Both the Panamera and Quattroporte have child safety locks to prevent children from opening the rear doors. The Panamera has power child safety locks, allowing the driver to activate and deactivate them from the driver's seat and to know when they're engaged. The Quattroporte’s child locks have to be individually engaged at each rear door with a manual switch. The driver can’t know the status of the locks without opening the doors and checking them.
The Porsche Panamera has standard driver and front passenger side knee airbags mounted low on the dashboard. These airbags helps prevent the driver and front passenger from sliding under their seatbelts or the main frontal airbags; this keeps them better positioned during a collision for maximum protection. Knee airbags also help keep the legs from striking the dashboard, preventing knee and leg injuries in the case of a serious frontal collision. The Quattroporte doesn’t offer knee airbags.
A passive infrared night vision system optional on the Panamera helps the driver to more easily detect people, animals or other objects in front of the vehicle at night. Using an infrared camera to detect heat, the system then displays the image on a monitor in the dashboard and even aims one of the vehicle’s headlights in the direction of the person or object.
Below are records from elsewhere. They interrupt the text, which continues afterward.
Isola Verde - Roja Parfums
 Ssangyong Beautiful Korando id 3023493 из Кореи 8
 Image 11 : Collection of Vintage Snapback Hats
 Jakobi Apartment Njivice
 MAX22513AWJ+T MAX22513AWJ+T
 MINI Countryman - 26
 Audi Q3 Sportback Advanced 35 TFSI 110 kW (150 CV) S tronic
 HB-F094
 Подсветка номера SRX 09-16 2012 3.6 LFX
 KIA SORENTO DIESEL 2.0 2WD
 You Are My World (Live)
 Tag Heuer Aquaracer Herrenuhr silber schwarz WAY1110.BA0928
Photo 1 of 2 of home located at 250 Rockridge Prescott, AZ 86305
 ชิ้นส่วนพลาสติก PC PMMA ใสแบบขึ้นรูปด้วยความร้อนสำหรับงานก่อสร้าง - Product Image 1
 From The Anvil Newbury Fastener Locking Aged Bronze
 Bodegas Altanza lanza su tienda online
The Quattroporte doesn’t offer a night vision system.
Both the Panamera and the Quattroporte have standard driver and passenger frontal airbags, front side-impact airbags, side-impact head airbags, front seatbelt pretensioners, height adjustable front shoulder belts, four-wheel antilock brakes, traction control, electronic stability systems to prevent skidding, daytime running lights, lane departure warning systems, rearview cameras, available crash mitigating brakes, blind spot warning systems and around view monitors.